Overzicht relaties

Hierarchisch bovenliggend
Voorgangers en opvolgers
Identiteit
Parallelle namen
Derde Afdeling
Beschrijving
Bestaansperiode
Begindatum
1889
Einddatum
1940
Geschiedenis

De 3e Afdeling had taken omtrent het gevangeniswezen. De afdeling nam de taken over van de 4e Afdeling (1858 t/m 1889), omdat de voormalige 3e Afdeling (1858 t/m 1889) werd opgeheven. De afdelingen werden door deze reorganisatie opnieuw genummerd. Aan de inhoud van het takenpakket veranderde weinig.[1]

In 1904 kreeg de 3e afdeling Gevangenissen in verband met de ontwikkeling van het rijkstucht- en opvoedingswezen een verdeling in twee onderafdelingen en vanaf 1906 in drie bureaus. In 1905 traden namelijk de Kinderwetten in werking. Daarbij werd het kinderstrafrecht herzien: als nieuwe straf voor minderjarigen gold de plaatsing in een tuchtschool; als vrijheidsbenemende maatregel gold de terbeschikkingstelling van de regering, waarmee de opvoeding van de delinquent werd beoogd. Dit laatste kon gebeuren in een rijksopvoedingsgesticht dan wel een particulier gesticht. Toezicht werd uitgeoefend door een Algemeen College van Toezicht, dat tevens fungeerde als adviescollege voor de minister, die het opperbeheer voerde. Voorts regelde één van deze wetten het gezag van ouders en voogden en de instelling van voogdijraden. De 3e Afdeling van Justitie had bemoeienis met deze voogdijraden en met de subsidiëring van op het terrein van de kinderbescherming werkzame particuliere instellingen.[2]
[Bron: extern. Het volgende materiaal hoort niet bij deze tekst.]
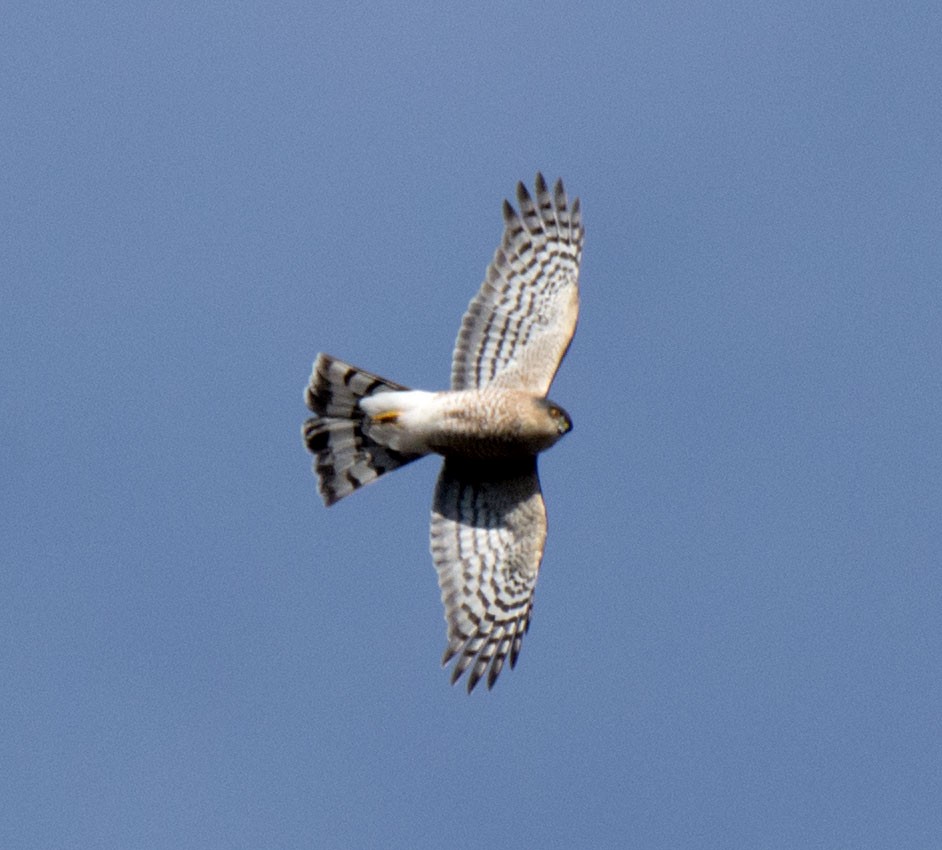 Sharp-shinned Hawk - ML646661408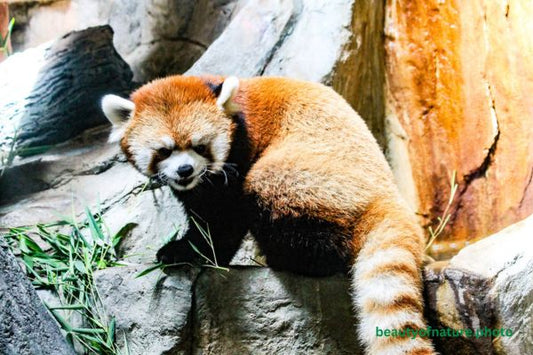 Red Panda 3 Horizontal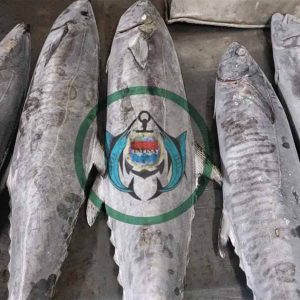 SPANISH MACKEREL ( IKAN TENGGIRI )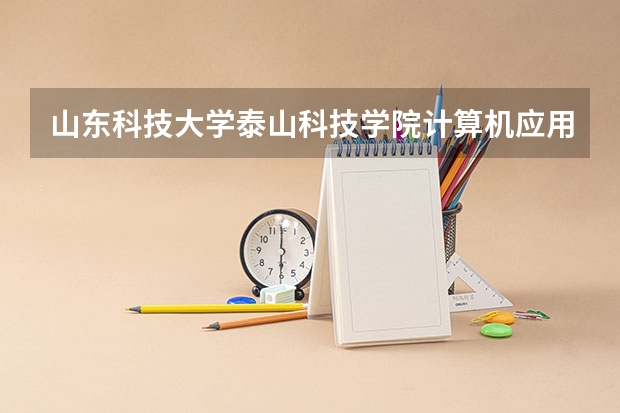 山东科技大学泰山科技学院计算机应用技术专业就业前景怎么样?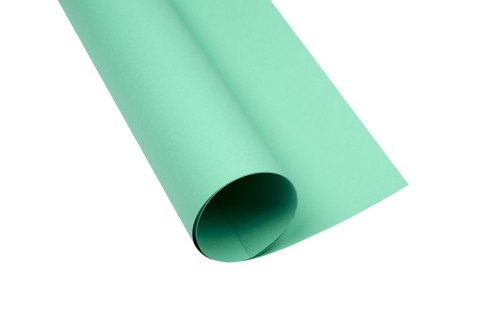 Karton kolorowy Creatinio A1 160g 25ark nr.64 seledynowy 400149554 TOP-2000 SALE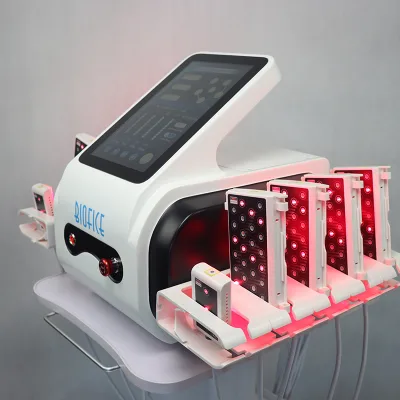 Factory Price Home Us Portable Body Fat Removal High Intensity Focus Fat Burning Melt Device Melt Fat Machine Burn Fat Machine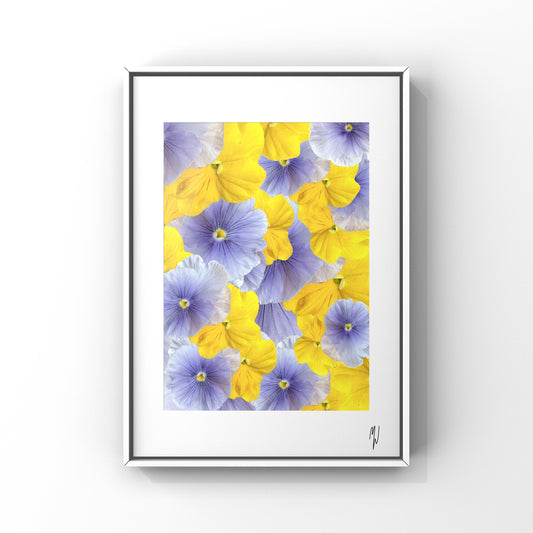 Blue Violas Art Print - for Hospice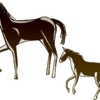 【追い切り注目馬（先週の回顧）】【ニューイヤーS】他　2025/1/13(月) 中山・中京競馬　適距離戻りの期待は無残にも……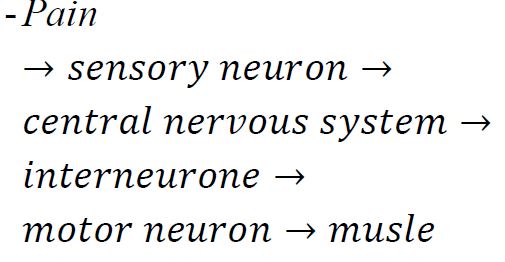 simple-reflex-pathway.JPG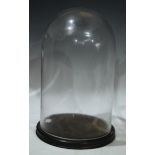 A glass display/taxidermy dome, on ebonised base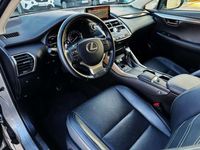 usado Lexus NX300 300h Executive Navigation 4WD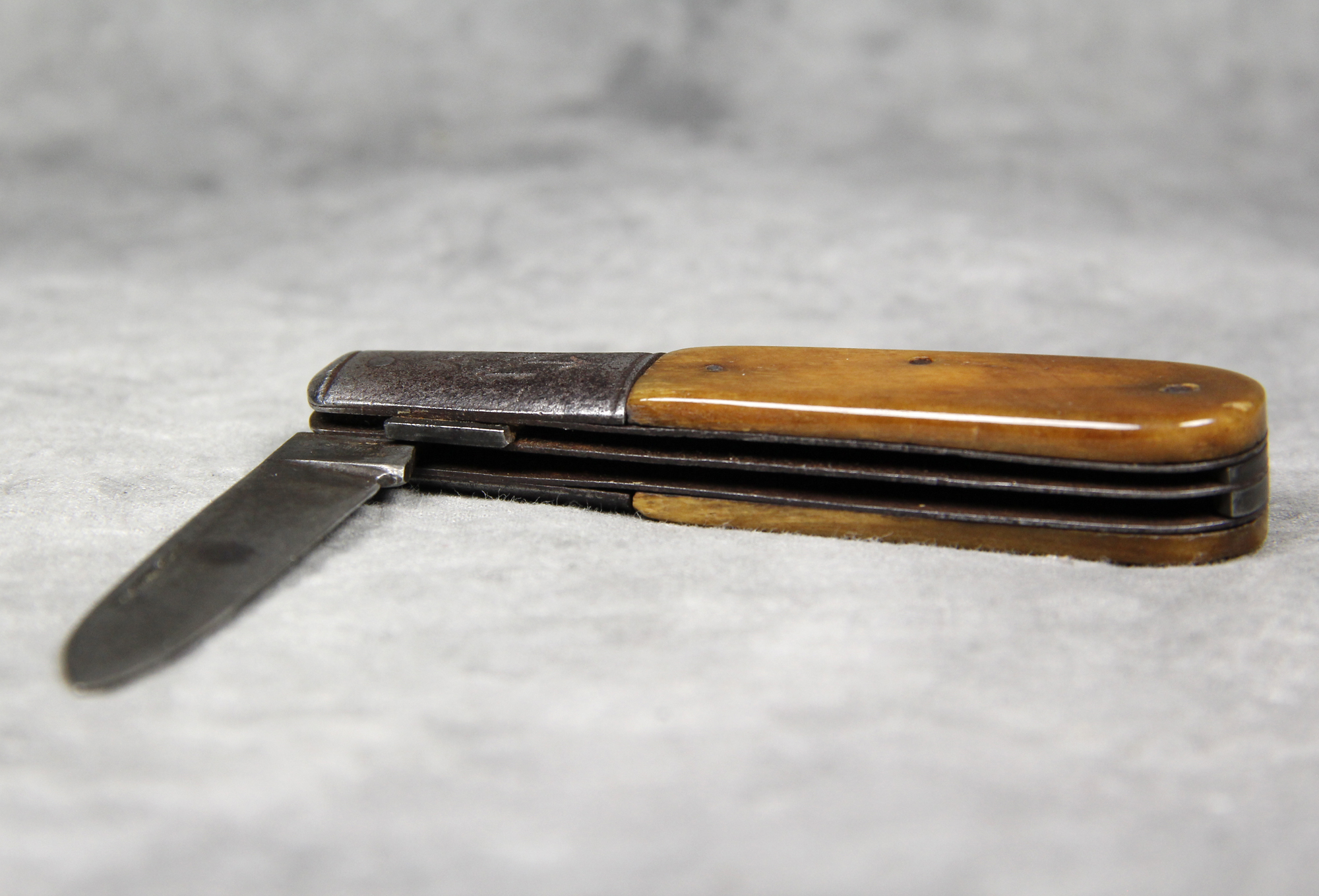 How much is HAMMER BRAND Smooth Bone Barlow worth? Price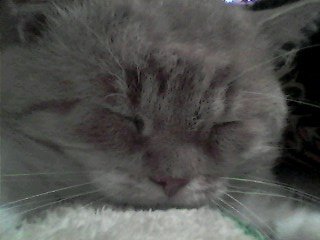 мой кот степан:) - оригинал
In 1911 werd een vierde bureau Reclasse­ring aan de afdeling toegevoegd. Vanaf 1910 ging Justitie zich bezig houden met de reclassering van delinquenten. Het ministerie voerde deze taak niet zelf uit, maar het oefende met het Centraal College voor de Reclassering als college van advies en controle, toezicht uit op de reclasseringsraden en reclasseringsinstellingen. Deze laatste instanties werden door Justitie gesubsidieerd.[3]

Functies en activiteiten

De 3e Afdeling had taken omtrent:

- gevangeniswezen;

- beheer van de gevangenissen, Rijksopvoedingsgestichten en Rijkswerkinrichtingen;

- statistiek.[4]

 

De 3e Afdeling is vanaf 1905 verdeeld in twee onderafdelingen en drie bureaus:

Onderafdeling I Gevangeniswezen

1. Bureau A:

- algemene zaken;

- wetten en besluiten;

- huishoudelijke reglementen;

- personeel;

- executie;

- Godsdienst –en onderwijsbelangen.

2. Bureau B:

- administratie;

- comptabiliteit;

- gebouwen en meubilair;

- voeding;

- kleding en ligging;

- aanbestedingen;

- begroting.

3. Bureau C. In 1907 veranderde de naam van het Bureau in C. Beheer van de arbeid in de gestichten (vanaf 1907):

- arbeid;

- boekhouding voor de arbeid (tot 1907).

Onderafdeling II Rijkstucht –en opvoedingswezen (tot 1907).[5]

 

De 3e Afdeling is vanaf 1909 verdeeld in drie bureaus:

- Bureau A Gevangenissen.

- Bureau B Rijkstucht –en opvoedingswezen.

- Bureau C Beheer van de arbeid in de gestichten.[6]

 

De bureaus van de 3e Afdeling worden in 1912 omgezet in onderafdelingen:

- Onderafdeling A Gevangenissen.

- Onderafdeling B Rijkstucht –en opvoedingswezen (inclusief een inspectie).

- Onderafdeling C Beheer van de arbeid in de gestichten.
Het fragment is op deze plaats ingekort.